With it, she exercises her right to control what comes in her store. The design garnered the approval of the Kansas Attorney General's office in the wake of the Kansas Legislature passing conceal carry law last spring. She likened it to posting a "No Smoking" sign in her store.
"I don't think people think of it on a daily basis," she said.
The same no gun signs will line the entrances to public city buildings. It's no longer kosher to bring a firearm into Eudora City Hall.
The Eudora City Council passed an ordinance Monday banning firearms atall municipal buildings and public property.
"Certain cities across the state and the league (of municipalities) recommend if you want to make it clear locally that you don't want possession in any government facility or public property that you need to draft your own ordinance," Eudora City Administrator Cheryl Beatty said.
Beatty researched recently adopted ordinances across the state trying to find one that would work best for Eudora.

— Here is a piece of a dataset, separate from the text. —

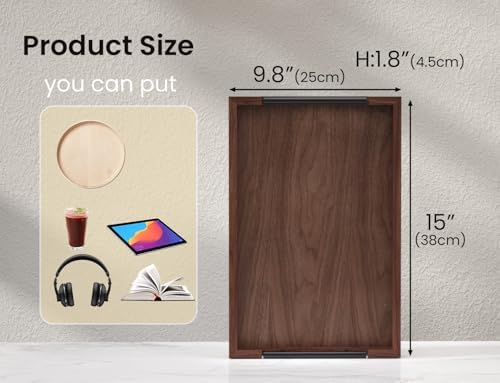 Fibogollo Walnut Wood Serving Trays with Metal Handles(Medium) - Image 2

She found a suitable template based on an ordinance passed in Ottawa.
Beatty presented the adapted ordinance, drafted with City Attorney Mike Book, to the council.
The ordinance bans possession of a firearm on all public properties with the exception of public right-of-way. That precludes firearms from being inside city hall, city shop areas or parks.
Councilman Scott Hopson inquired about weapons inside cars.
Beatty responded no guns were allowed in cars anyway.
Eudora Police Chief Greg Dahlem clarified it further.
"It's not concealed carry if you have a rifle or shotgun in vehicle," Dahlem said. "It's not on your person."
Eudora Mayor Tom Pyle said he received a memo from the Kansas Department of Agriculture proclaiming the same ban on weapons.
His business, Pyle Meat Company, had to post the no gun sign because the state meat inspector has offices in his plant.
Dahlem said it would be up to individual businesses if more no gun signs appear in town.
During city council discussion, Eudora City Councilman Dan Gregg pointed out the signs could only do so much.
"The really bad people don't care if you have a sign or not," Gregg said.
The council passed the ordinance unanimously.